PROBLEM DESCRIPTION → Once you find the line containing "Image 1 of Table", set down exactly that line and every one after it through the end of the listing below, with both ends included and any pictures omitted.

·····

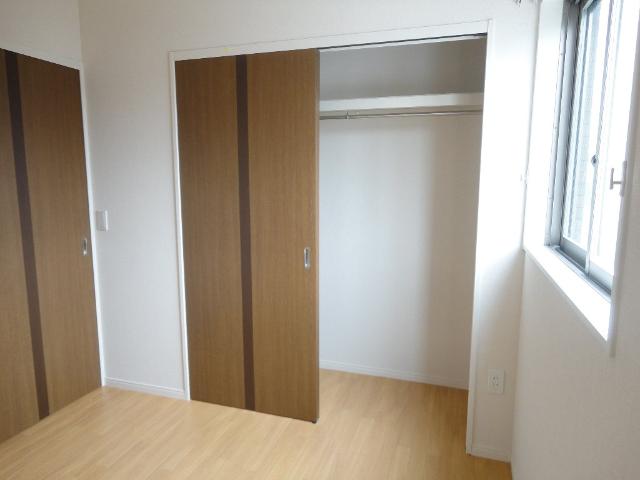 Ｒｏｍａｎｔｉｓ　Ｋａｗａｇｕｃｈｉ（ロマンティス　川口） クローゼット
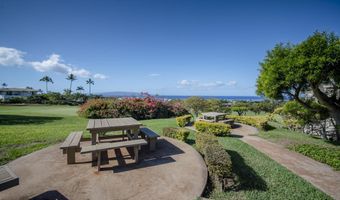 10 Wailea Ekolu Pl 404, Kihei, HI 96753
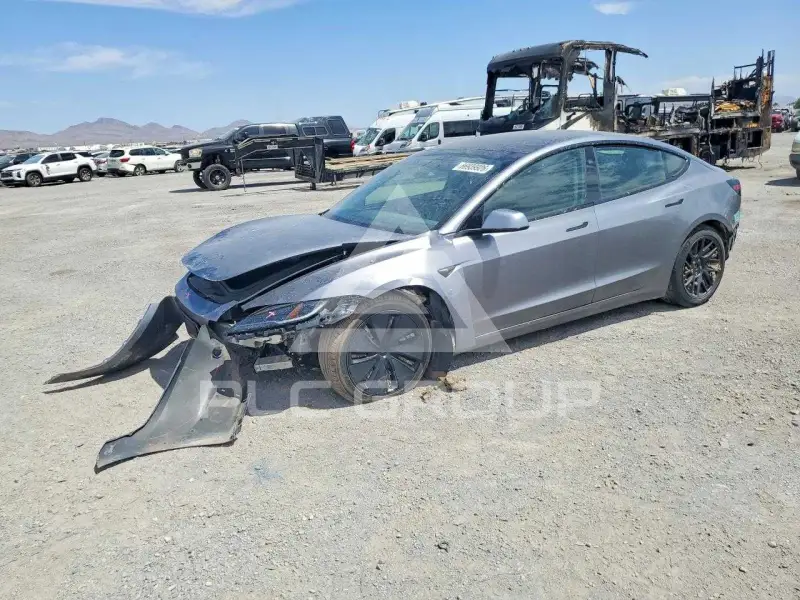 2025 Tesla Model 3 фото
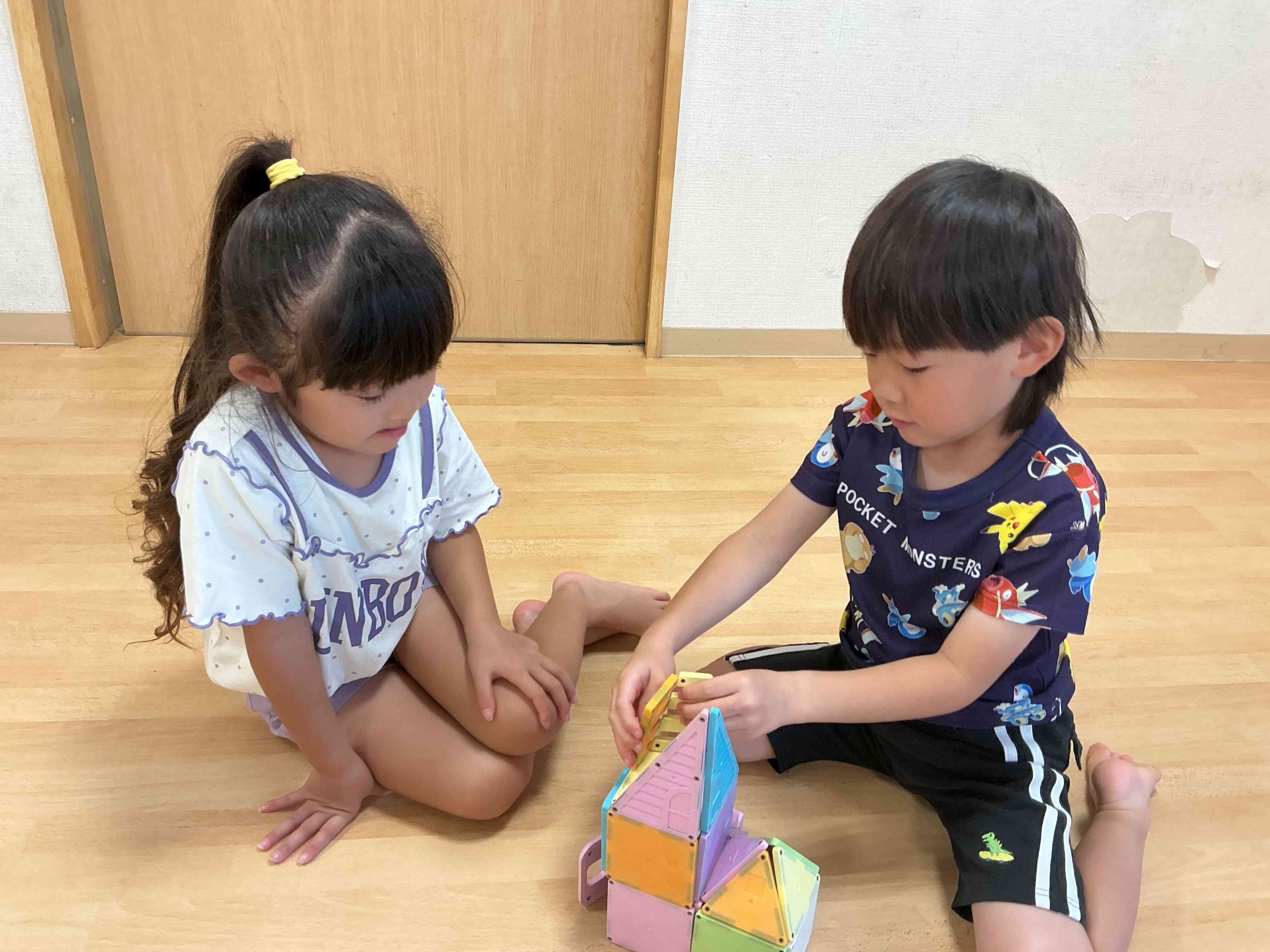 どのような家をつくるか話し合っています!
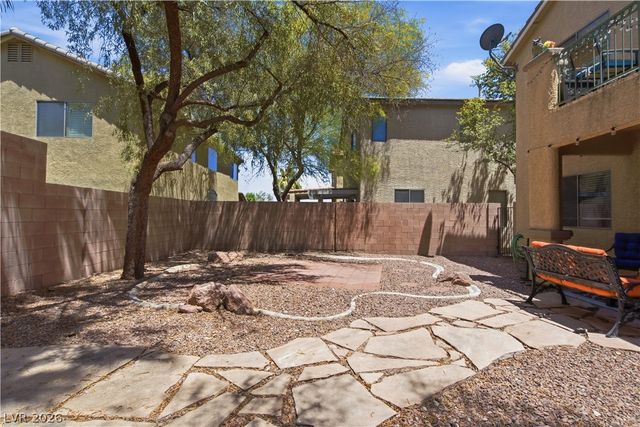 8440 Cheerful Brook Avenue, Las Vegas, NV 89143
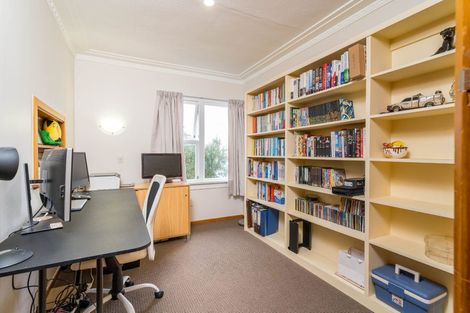 Photo of property in 16 Wycolla Avenue, Saint Clair, Dunedin, 9012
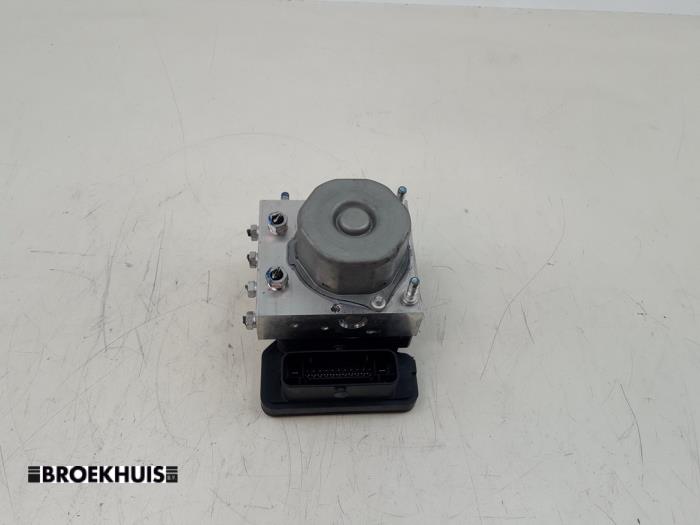 Usagé Pompe ABS Mitsubishi Space Star (A0) 1.2 12V Prix € 80,00 Règlement à la marge proposé par Autobedrijf Broekhuis B.V.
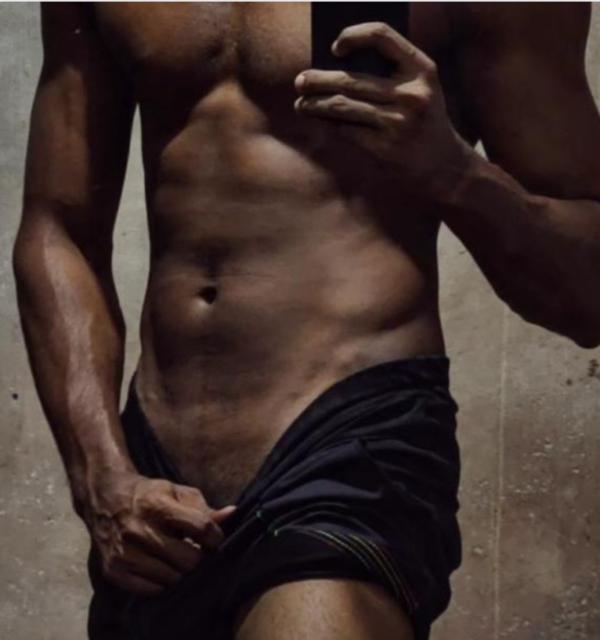 LOOKING FOR LADIES AND WOMEN.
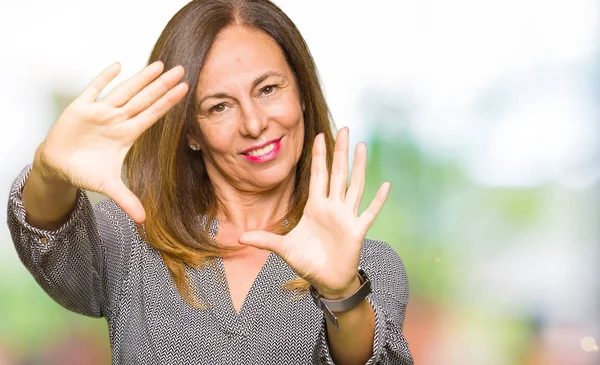 Mooie Middenleeftijd Zakenvrouw Smiling Doen Met Behulp Van Frame Handen — Stockfoto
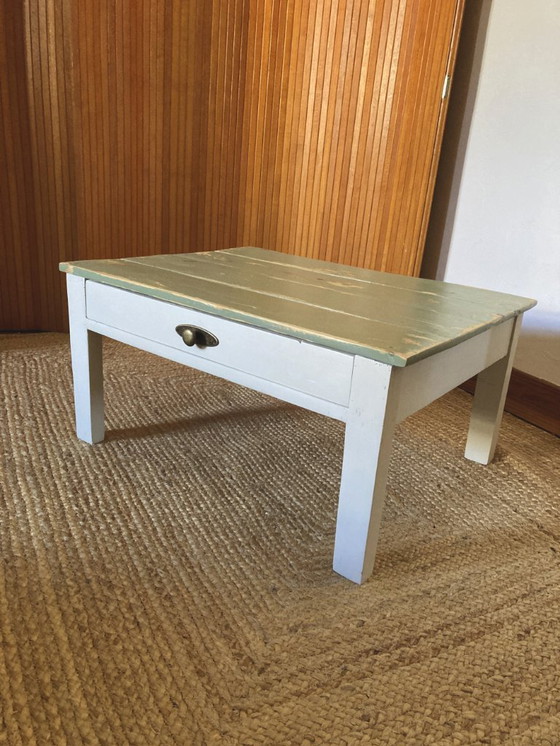 Image 1 of Table basse en bois massif avec tiroir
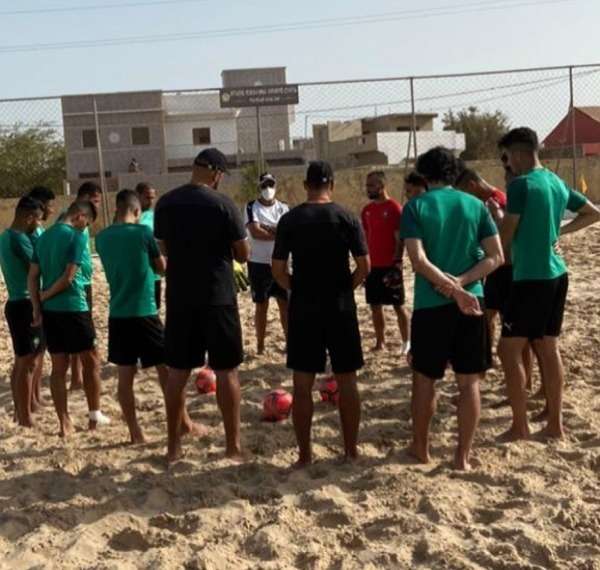 الحداوي مع منتخب الكرة الشاطئية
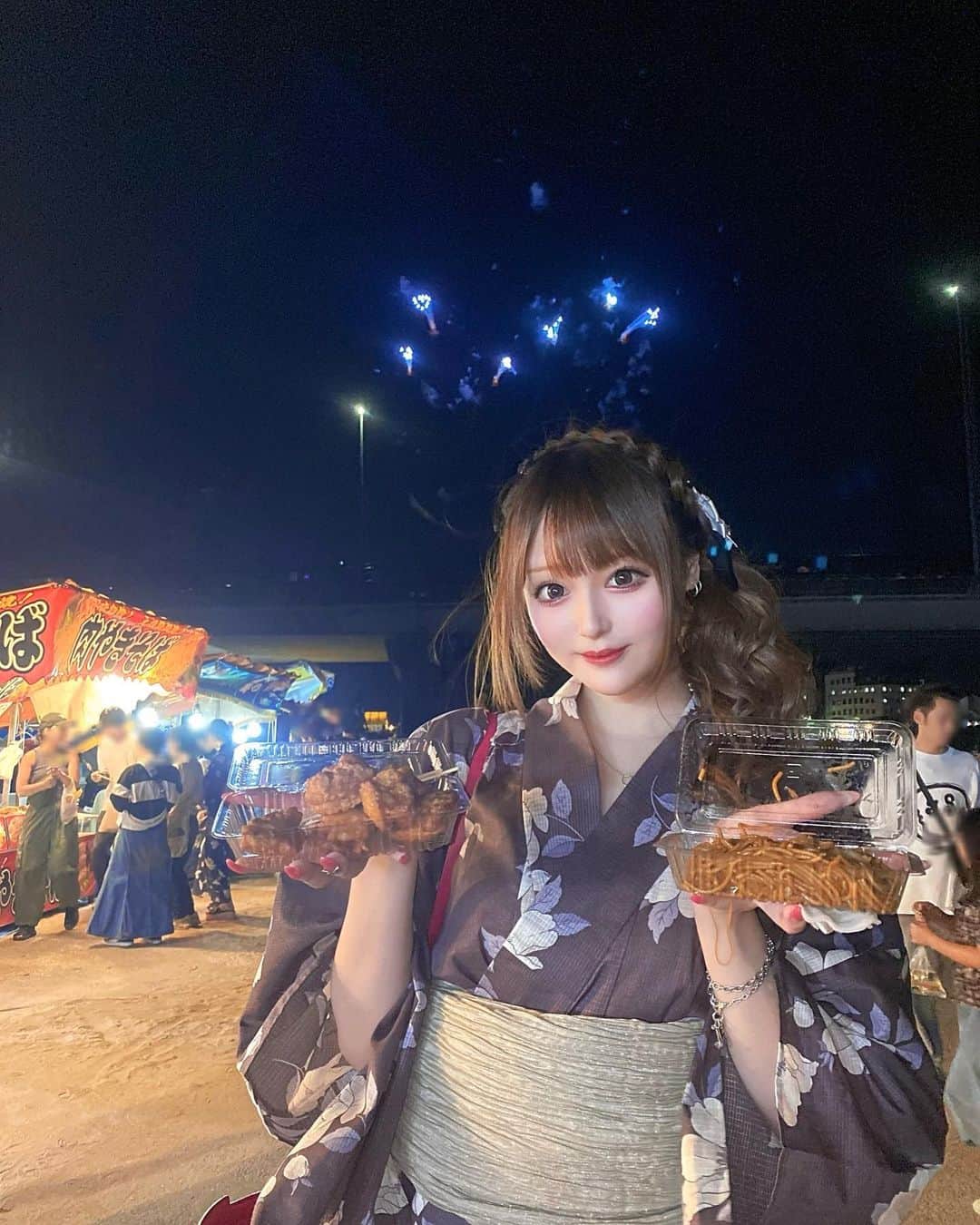 あかりのインスタグラム：「おまつりいけてうれぴ🎆」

·····

WORKED SOLUTION →
 Image 1 of Table basse en bois massif avec tiroir
 الحداوي مع منتخب الكرة الشاطئية
 あかりのインスタグラム：「おまつりいけてうれぴ🎆」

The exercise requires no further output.